Flags have zero relevance

They have 3 minor premierships bw them.
....and that is why it’s irrelevant. Why was Norm Smith an incredible coach- because he won minor premierships or won 6 flags? No-one cares how many minor premierships he won. You are correct that the coaches award is based on H & A results, but that is precisely why it is a useless award. Even by that criterion how did Hinckley win in 2013 when Port finished 7th?
 
I don't think he would be losing sleep over it, it is not a reward for the premier coach, its more like a 'most improved' player at any club, and you generally pretty much get only one swing at it unless you totally dominate a season like Bomber Thompson did in 2008 (only to be outcoached and to fall to a major upset). In a sense 2008 could have been Clarko's year, in 2006 it was 11th and 2007 it was 6th. The improvement was gradual and he has kept Hawthorn in the hunt most years since.

In the triple premierships, he was dominant of course but, like Dimma of late, how do you improve when you are already the best. .

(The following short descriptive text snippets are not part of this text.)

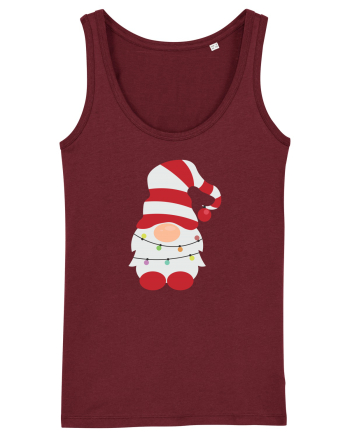 Christmas gnome Burgundy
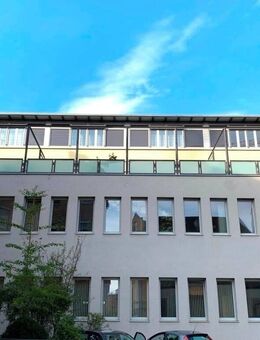 Helle, renovierte 3-Zimmer-Maisonette-Wohnung nahe Wertachbrücke - Augsburg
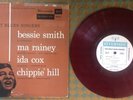 Great Blues Singers Bessie Smith Ma Rainey Riverside RLP 1032 Red  10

The Coaches are a brotherhood and look after each other, they would try to recognize the member of their group who had made the greatest strides between seasons. Most of the winners of this award did it in years where they did not win the premiership. Not many coaches get to win premierships, they are a group who almost universally finish up their careers with a boot print on their ass. Let them enjoy the recognition of their peers, the ones who know best what it takes to coach an AFL side. Accept it for what it is, like the Brownlow being a recognition of the best midfielder each year.

I doubt Clarko will ever get a most improved, he is already the benchmark.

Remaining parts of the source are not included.